Methodology
This page contains requirements to get significant result. We use statistical tests to determine if the success metric of the variant is significantly different compared to the control. This is particularly helpful when we have borderline cases where control and variant perform similarly. For more technical detail please follow your escalation process.
Traffic Threshold
Minimum traffic should be 5,000 orders and 20,000 visitors per bucket to ensure the results are statistically reliable, with enough data to detect real differences and avoid misleading conclusions from random variation.
Suggested Duration
The standard suggested duration of an experiment is 4 weeks. This provides confidence that results are representative and that there are no significant website changes to affect the results. Moreover, this provides more data, which allows to make more granular decisions, e.g. by locale or device breakdown. For guidance on any duration other than the standard 4 weeks, please check the FAQs section.
Early Termination
It is recommended to let the experiment to run for the duration of 4 weeks however if it is required from commercial point of view, then they can be paused early in two cases:
- Experiment is showing conclusive results after two weeks, i.e. there is enough data, metrics stability and there are no large discrepancies in segmented data e.g. by locale or device.

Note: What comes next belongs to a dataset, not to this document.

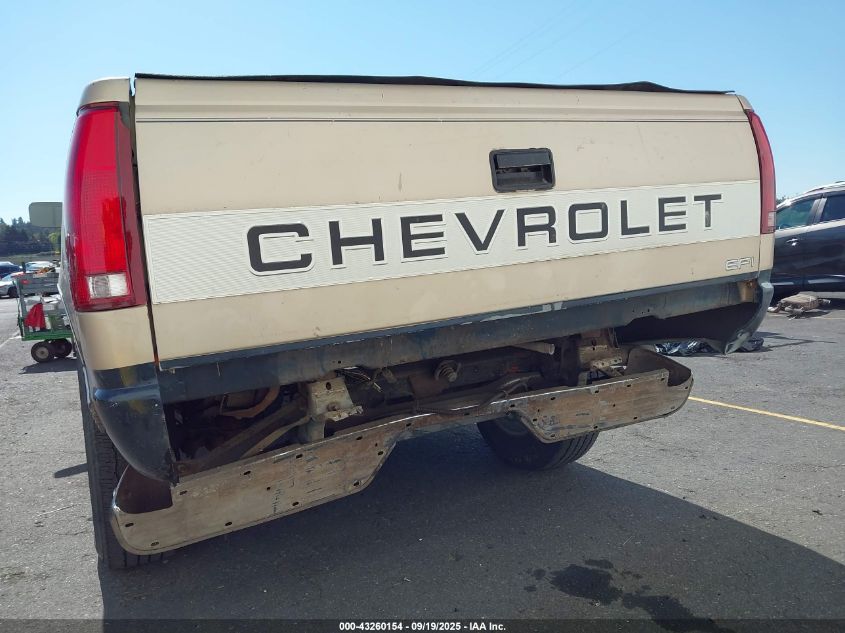 1989 Chevrolet Gmt-400 K2500 VIN: 1GCFK24K9KE242271 Lot: 43260154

- Experiment is showing inconclusive but consistently worrying negative results. You will be notified if your experiment is paused at any time.
Extension
An experiment can be extended when it is showing inconclusive results, due to any of the following:
- Metrics instability/fluctuations - making it hard to detect a clear trend
- Results discrepancies between sites within a division
- Results discrepancies between locales within a site
- Insufficient data because of unexpectedly low traffic
Aggregation
Aggregation can be done by division, e.g. Beauty or Health & Lifestyle, or by site. However, locale aggregation should be done only if we have a specific hypothesis, e.g. aggregate locales of a region that show similar behaviour in a commercial aspect, or in a metric, e.g. page load speed. Therefore, avoid aggregation by locale without a specific hypothesis, and instead monitor performance of each site and locale upon breakdown, as well as altogether. If multiple locales are performing badly, investigate what they have in common.
Trap Falls to Avoid
Cherry picking - aggregating sites/locales based only on performance.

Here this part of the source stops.